There was talk about module choices: GMap, GMap Views, GMap Taxonomy markers, versus Sam's solution which uses GMap for entering geographical data but displays it using OpenLayers. This sounds like it involves more coding, both in PHP and JavaScript, than using the GMap modules, but the results look good, and apparently grouping things into layers which you can show or hide is much easier. Also, Sam pointed out, pushing local information back into a commons-based resource like OpenStreetMap can help you sleep a little easier than giving it to Google or Microsoft, who reserve the right to get rid of it, or make it private, or monetize it.

Another useful pointer was to MIT's SIMILE project, which is developing a whole set of tools for rendering and exchanging semantic data on the Web, including a JavaScript widget for displaying timelines.

So lots of food for thought! And the stuff about modeling was tantalizing: for instance, they're using the Feeds module to take data from the county about vacant land, and then putting that on a map, so they can track what sort of uses get made of it, or, indeed, make plans to put it to use. Tracking local food production and distribution is a work in progress.

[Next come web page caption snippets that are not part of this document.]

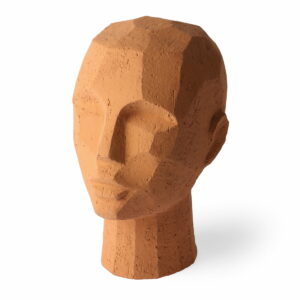 HKliving - Abstrakte Kopf-Skulptur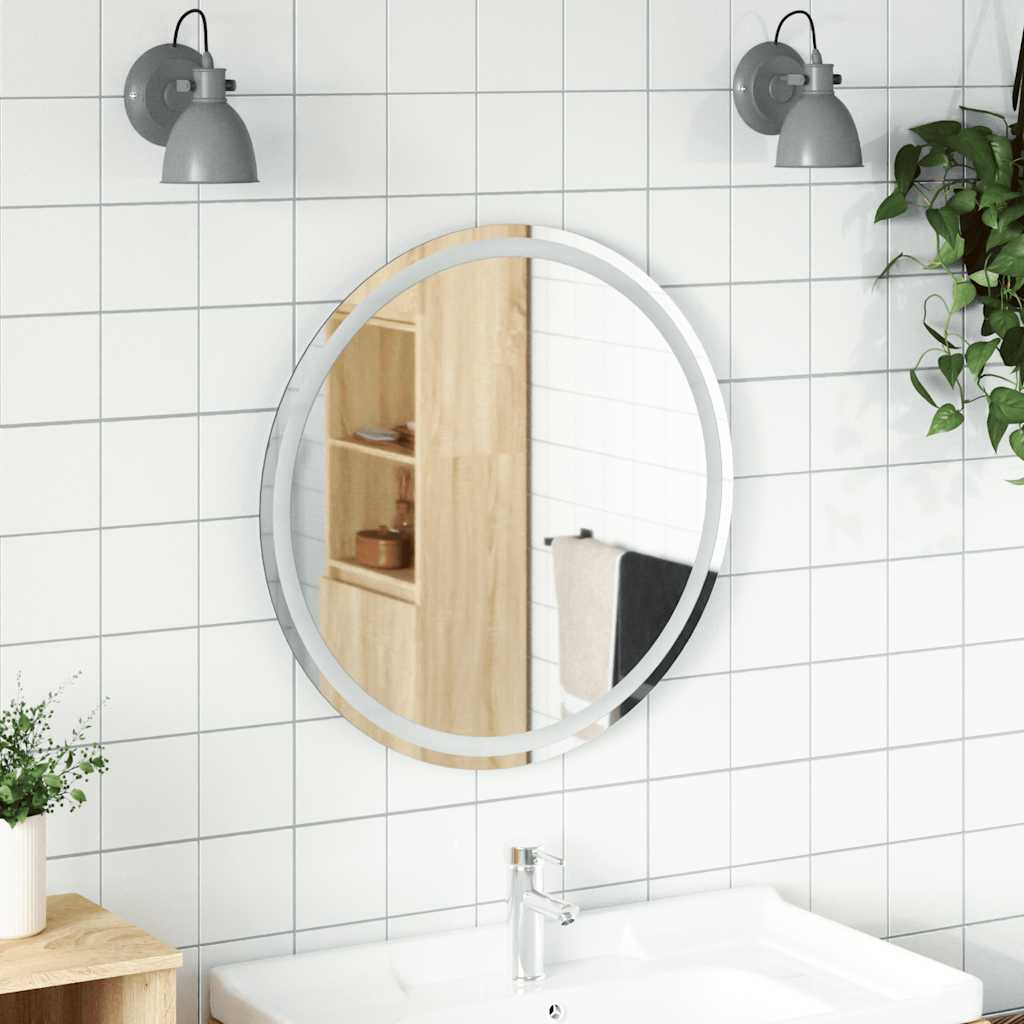 VidaXL Badezimmerspiegel führte etwa 70 cm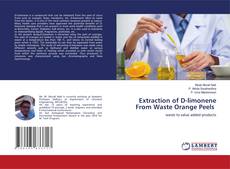 Extraction of D-limonene From Waste Orange Peels的封面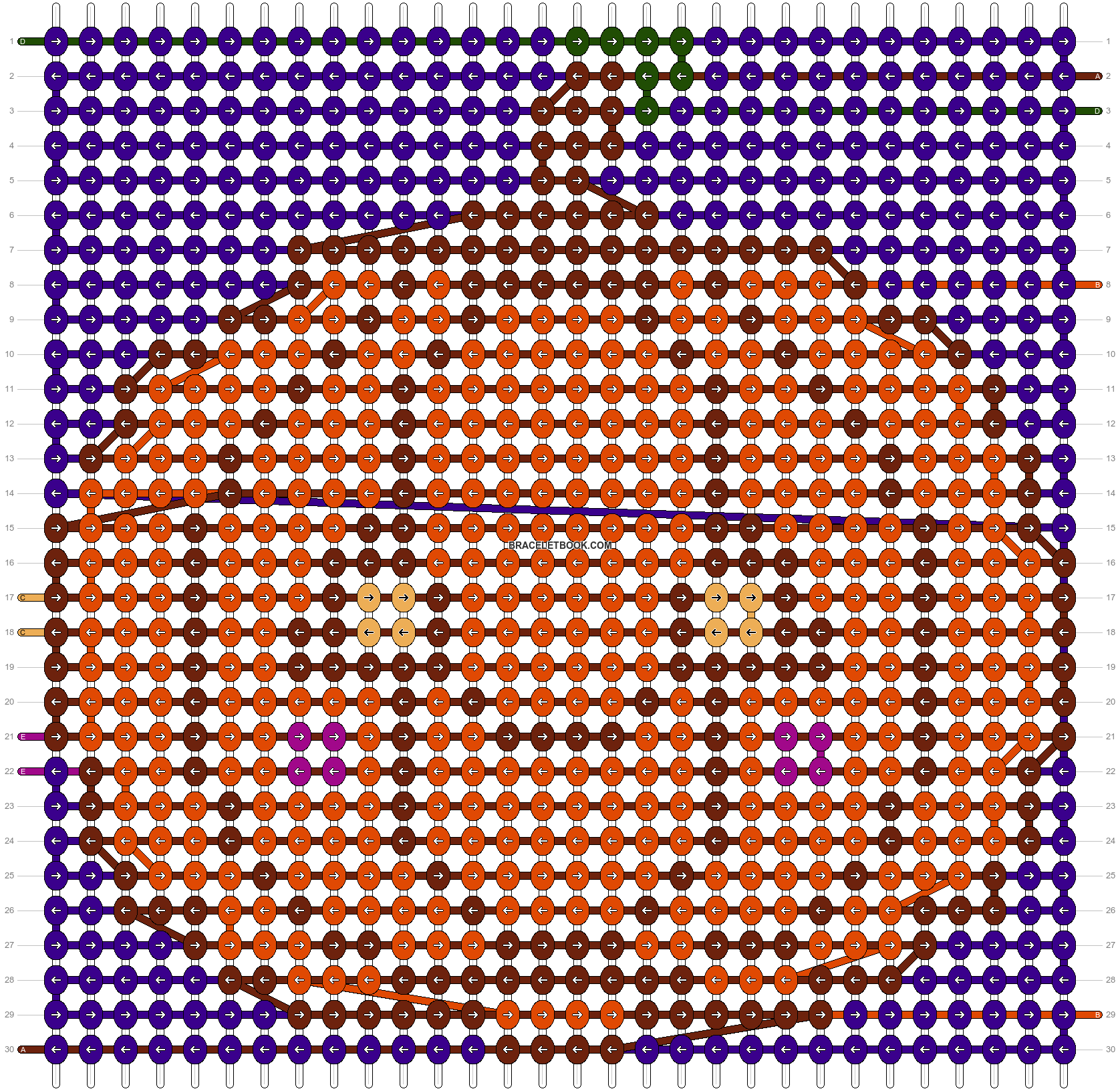 Alpha pattern #198599 pattern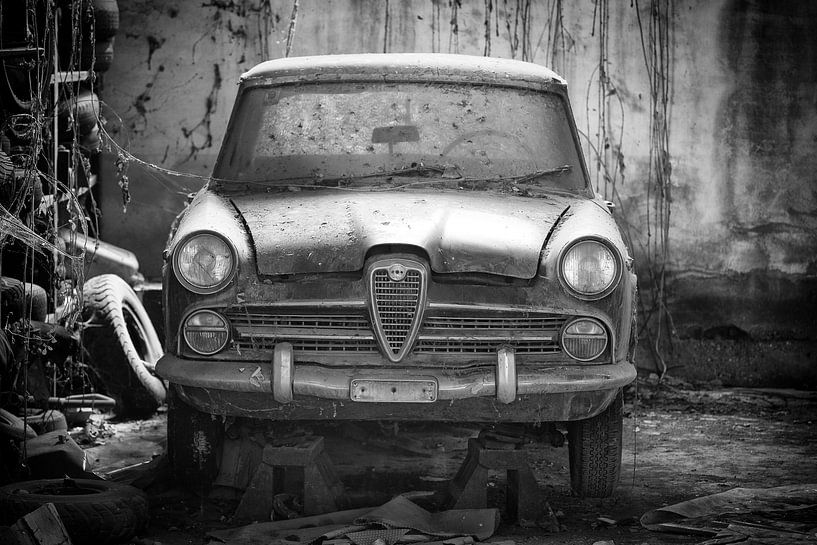 Alfa Romeo 2000 Berlina 1958 - 1962 van Leo van Valkenburg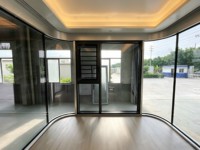 Lüks Uzay Kapsülü Prefabrik Tiny House Uzay Kapsülü Ev / Uzay Kapsülü / Fütüristik Kapsül Kabin Taşınabilir Uzay Kapsülü Ev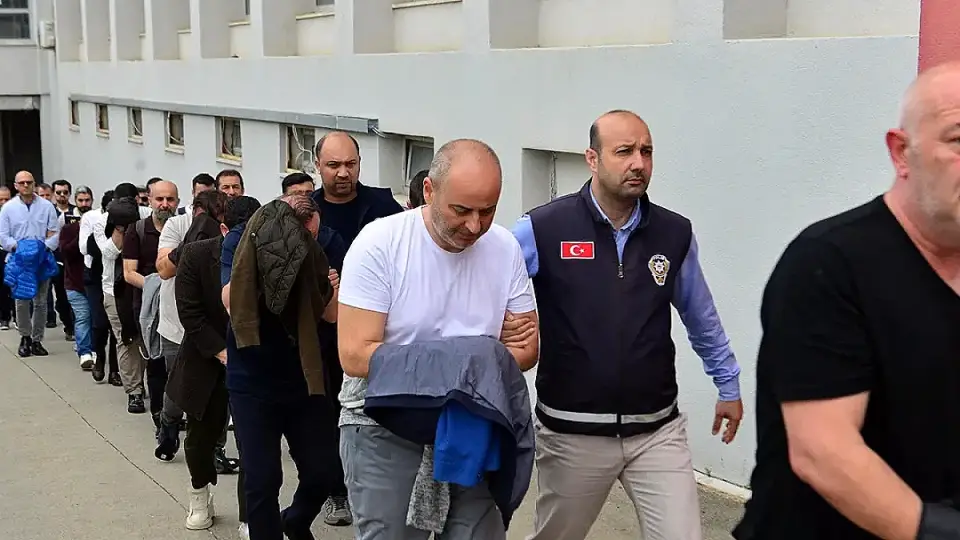 R.O.K.'nın da Aralarında Bulunduğu 154 Şüpheli Adliyeye Sevk Edildi
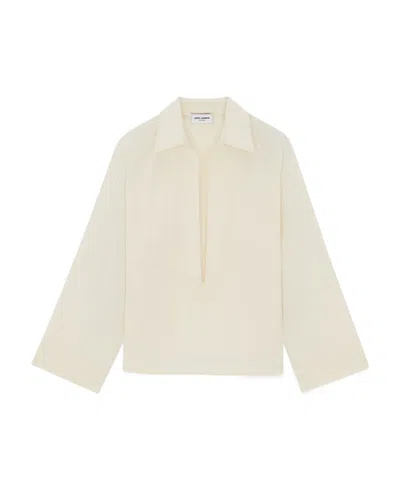 SAINT LAURENT SAINT LAURENT VAREUSE LONG-SLEEVED SHIRT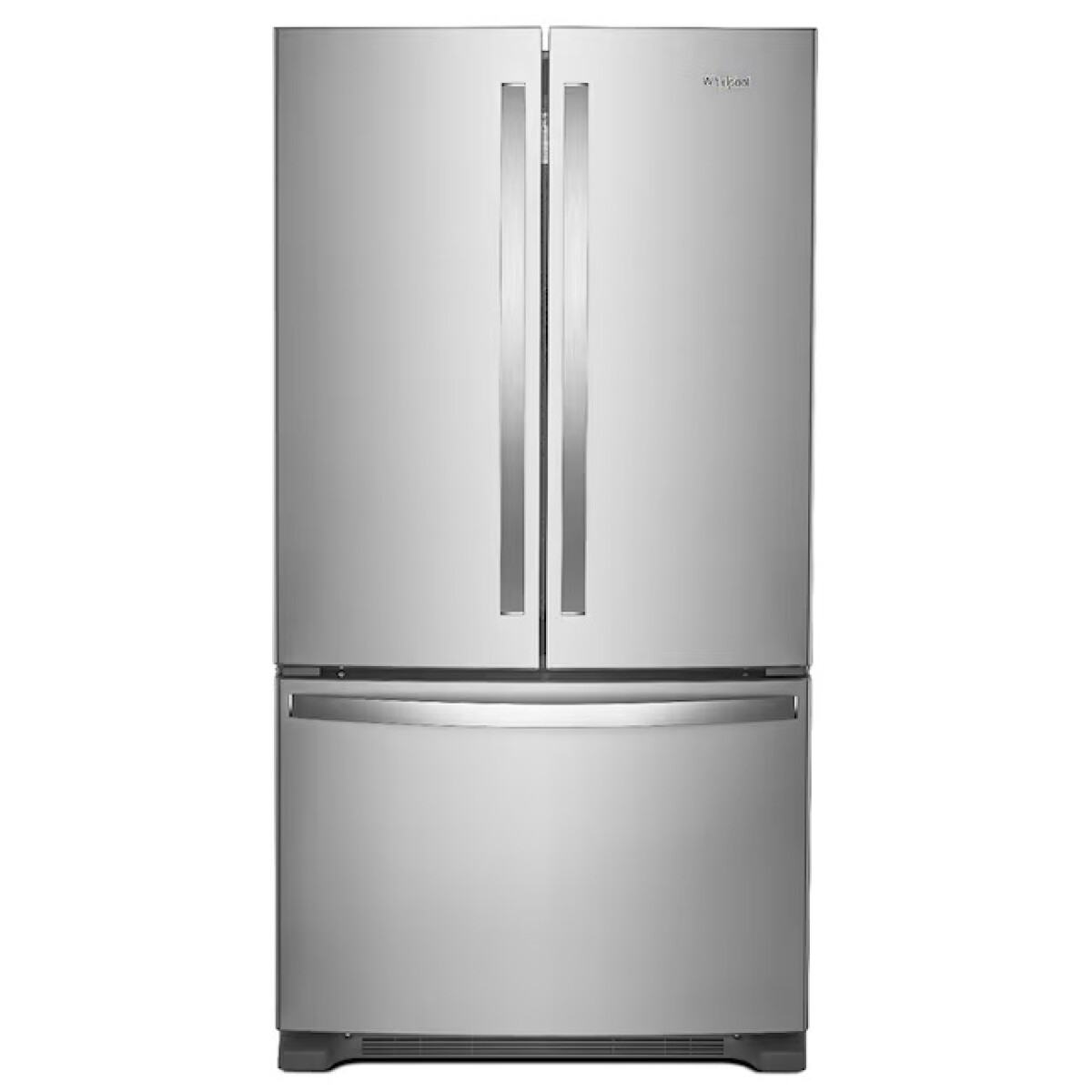 NEVERA FRENCH DOOR WHIRLPOOL, 25 P.C., CON FABRICA DE HIELO, ANTIFINGERPRINT 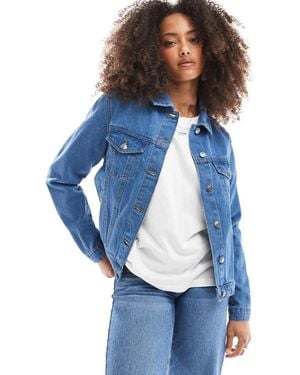 Brave Soul Denim Jacket - Blue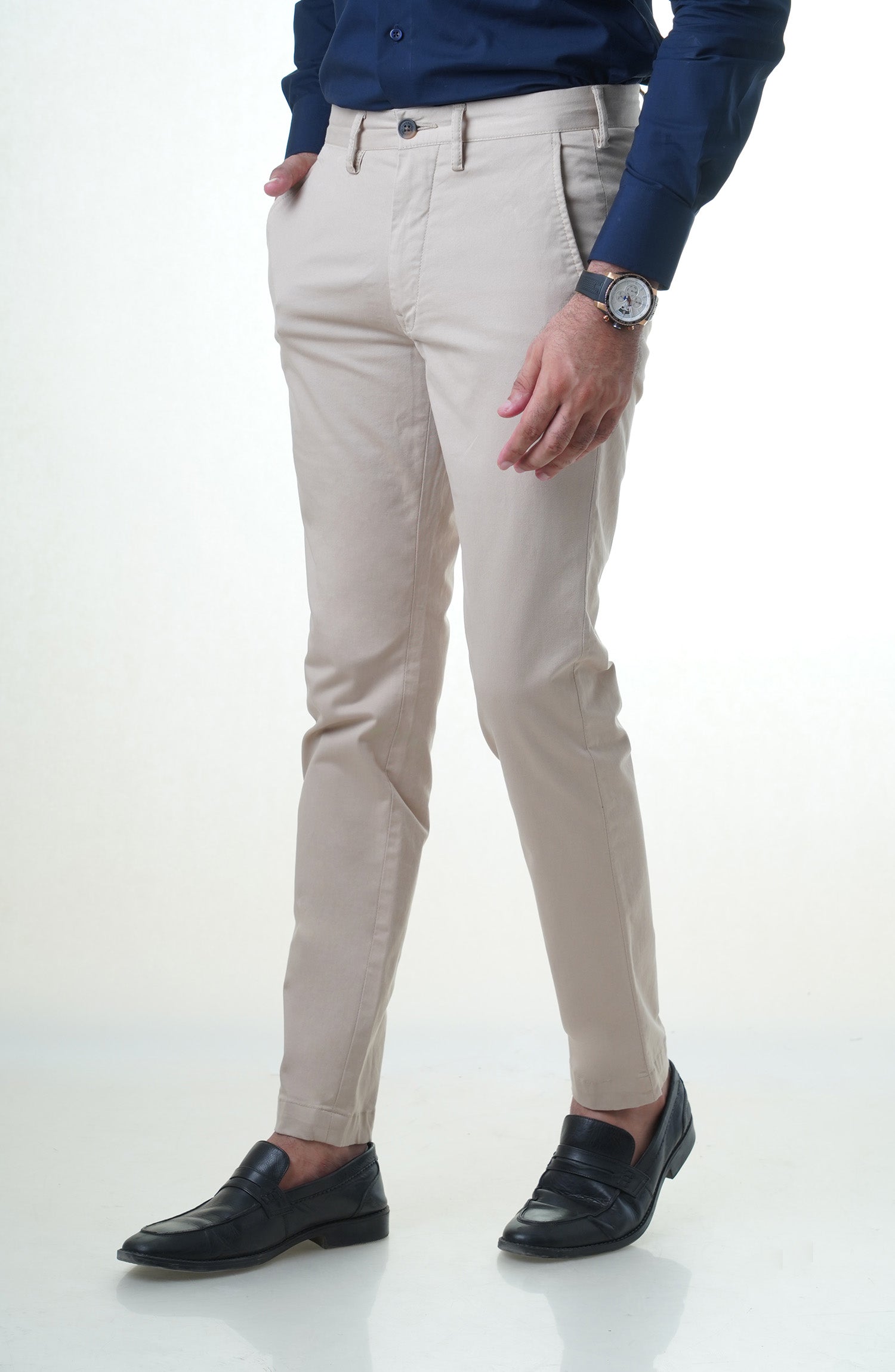 HUPOM Womens Dress Pants Stretchy Cargo Pants Chinos Mid Waist Rise Long  Straight-Leg Khaki XL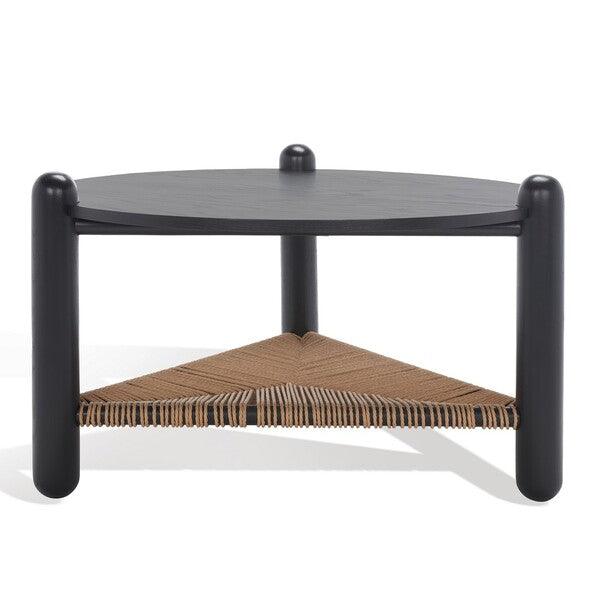 MACIANNA WOVEN SHELF COFFEE TABLE - Frankwebs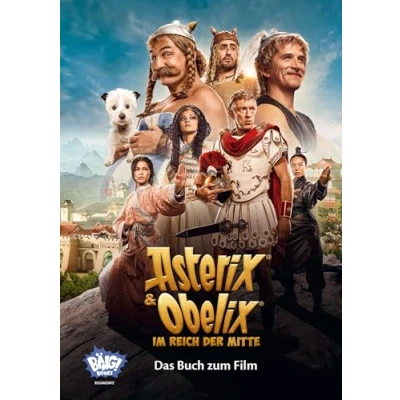 Afbeelding van Asterix und Obelix im Reich der Mitte Das Buch zum Film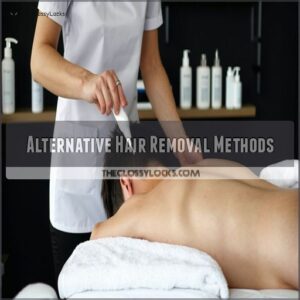 Alternative Hair Removal Methods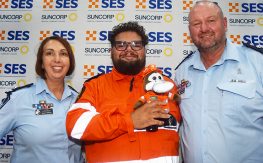 SES Makes History At Cherbourg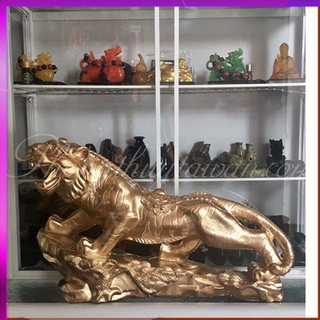 Tượng Ông Hổ phong thủy (60*16*35cm) 5kg_video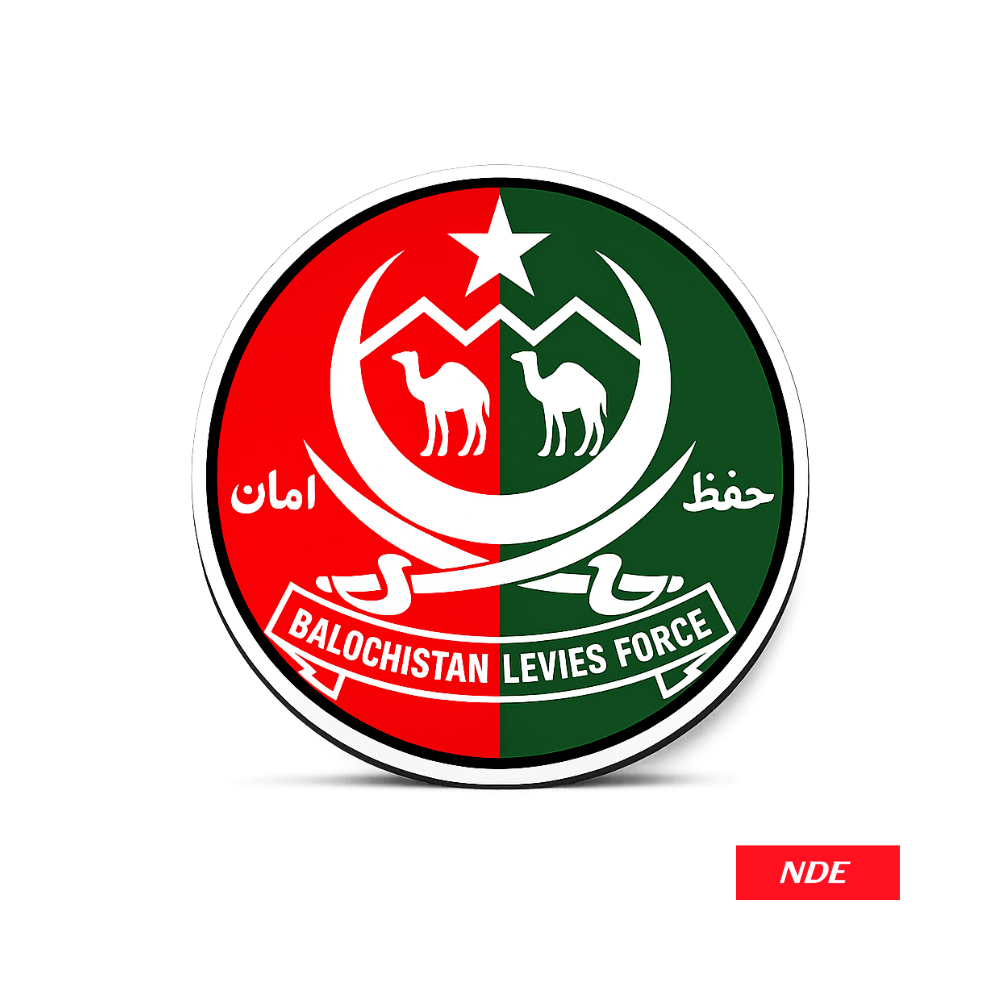 STICKER DECAL LEVIES FORCE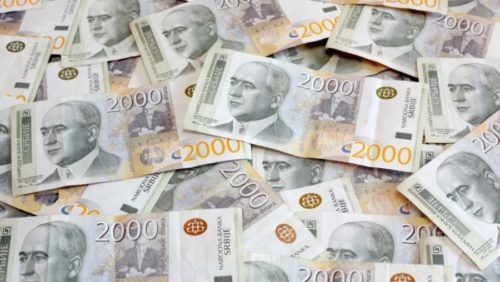 UKUPNA VRIJEDNOST LAŽNIH PARA 174.OOO EVRA Eksperti Narodne banke Srbije otkrili falsifikovani novac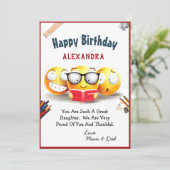 I Liebe zum Lesen von Büchern (Stehend Vorderseite)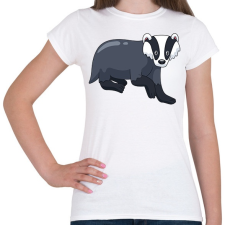 PRINTFASHION Borz - Női póló - Fehér női póló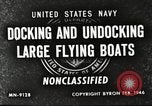 Immagine di Martin XPB2M-1flying boat United States USA, 1946, secondo 6 filmato di repertorio 65675060017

And in general they are working on building a model of the local economy as a network, and then submitting data to a service which will apply economic modeling to look at what-if scenarios. That sounds really groundbreaking, potentially. I wonder if it's actually some sort of network-based economic model, or if they first pour the data into a big vector and do the sort of classic Leontief-style matrix crunching. I'm not very familiar with this field beyond some hand-waving in linear algebra courses - have made a note to learn a bit more.

And a final valuable take-away was the emphasis on making a really long-term plan for keeping your data, which constitutes, in a collaborative site, an awful lot of work and expertise. Not just a "drive backup" plan which would make a sysadmin happy: an archival plan which will make an archivist happy.